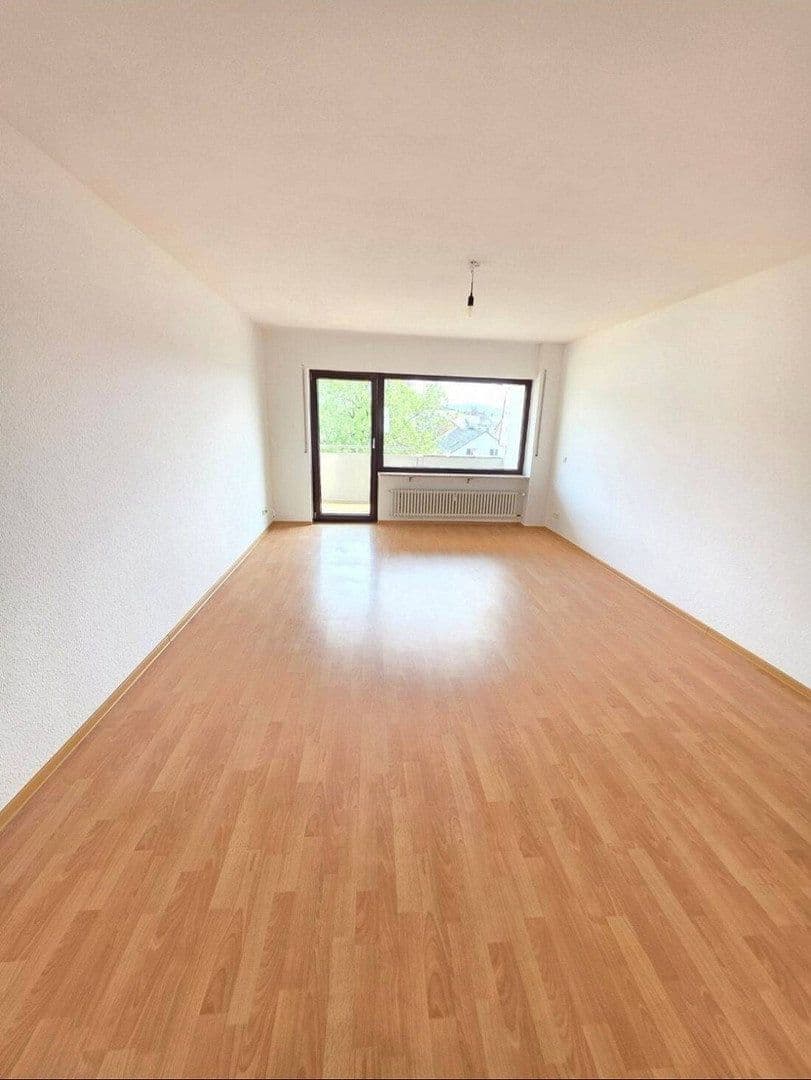 Pronájem bytu 3+1 78 m², Sägemattstraße 22, Lörrach, Bádensko-Württembersko Pronájem bytu 3+1 78 m², Sägemattstraße 22, Lörrach, Bádensko-Württembersko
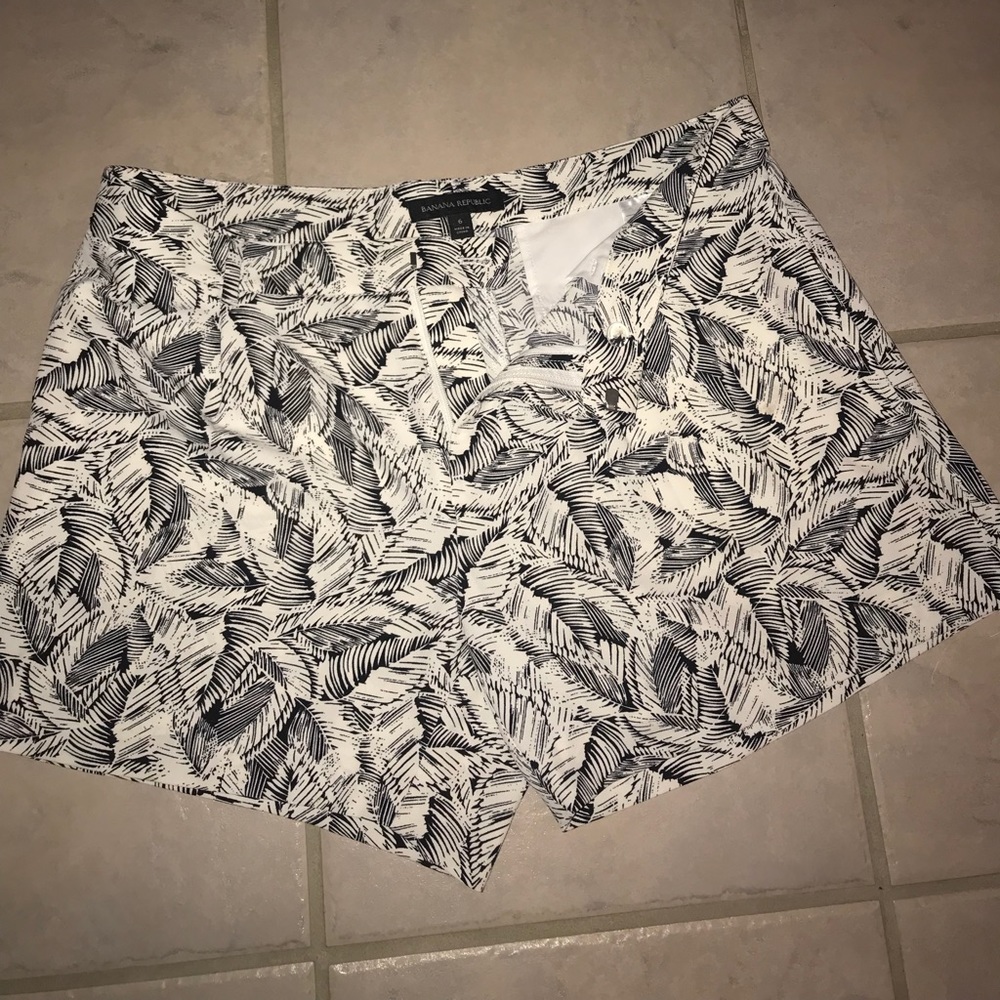 Cute dress shorts!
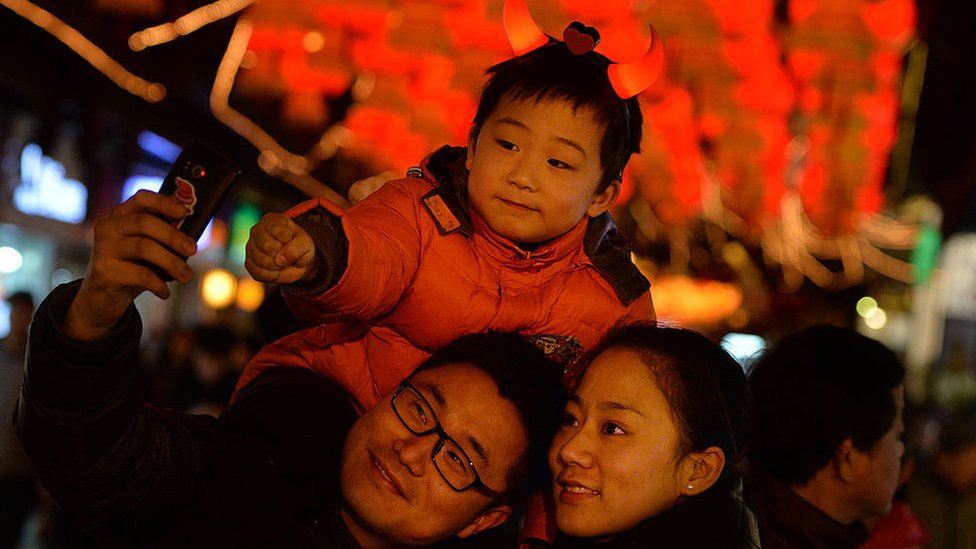 一個家庭在上海燈飾前自拍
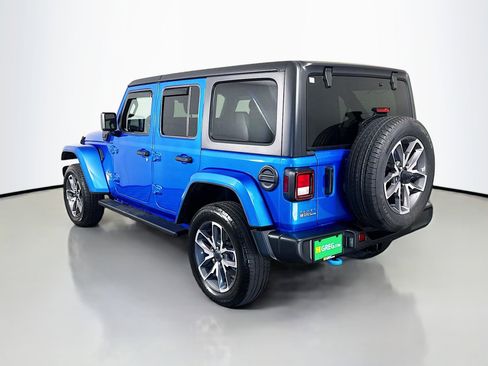 Used 2024 Jeep Wrangler Unlimited w/ Convenience Group AWD/4WD image 7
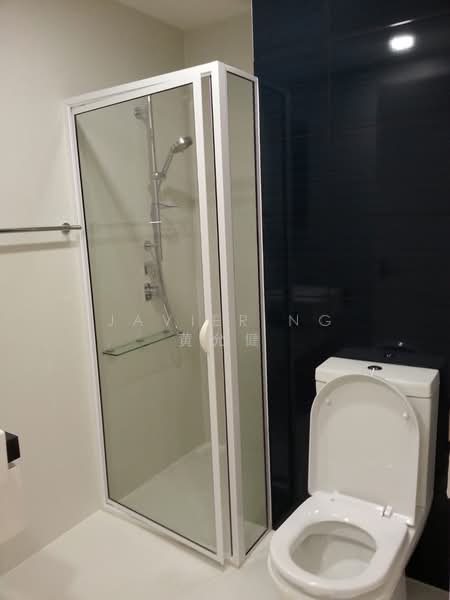 The Interlace, 180 Depot Road, 2 Bedrooms, 1,044 sqft, Condominium For Rent, by Javier Ng 黄允健, 500123150 - Bathroom - PropertyGuru.com.sg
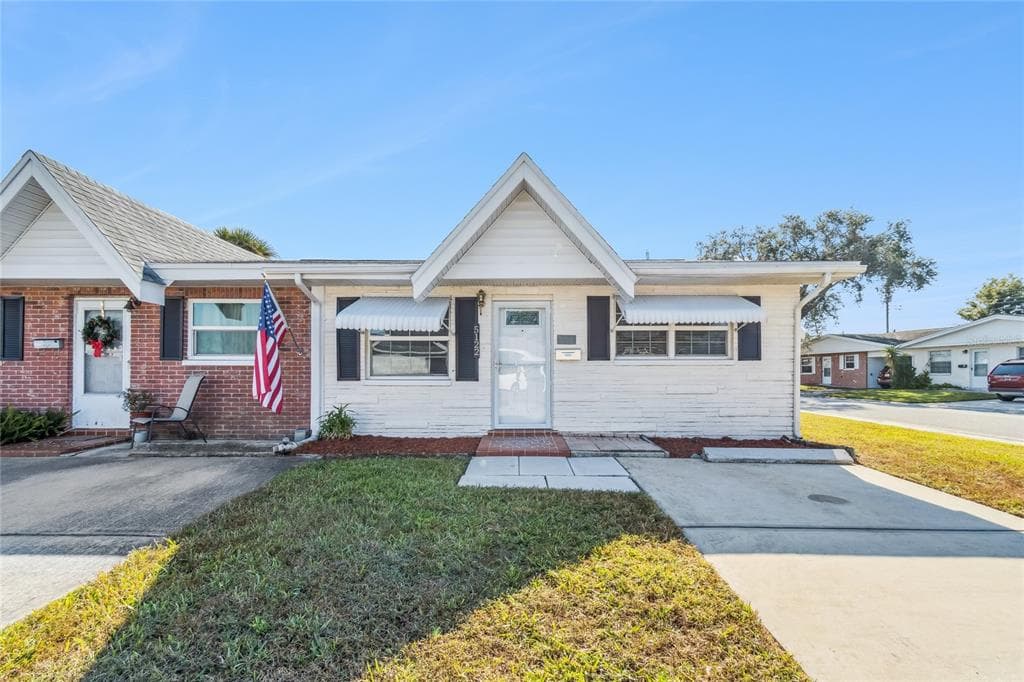 5122 IRIS DRIVE N UNIT 12 PINELLAS PARK, FL 33782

^^^^^^^^

- _WORK TO COMPLETE_: With the pictures left out, write out all of the data exactly.

- _TASK RESULT_:
 Pronájem bytu 3+1 78 m², Sägemattstraße 22, Lörrach, Bádensko-Württembersko Pronájem bytu 3+1 78 m², Sägemattstraße 22, Lörrach, Bádensko-Württembersko
 Cute dress shorts!
 一個家庭在上海燈飾前自拍
 Used 2024 Jeep Wrangler Unlimited w/ Convenience Group AWD/4WD image 7
 The Interlace, 180 Depot Road, 2 Bedrooms, 1,044 sqft, Condominium For Rent, by Javier Ng 黄允健, 500123150 - Bathroom - PropertyGuru.com.sg
 5122 IRIS DRIVE N UNIT 12 PINELLAS PARK, FL 33782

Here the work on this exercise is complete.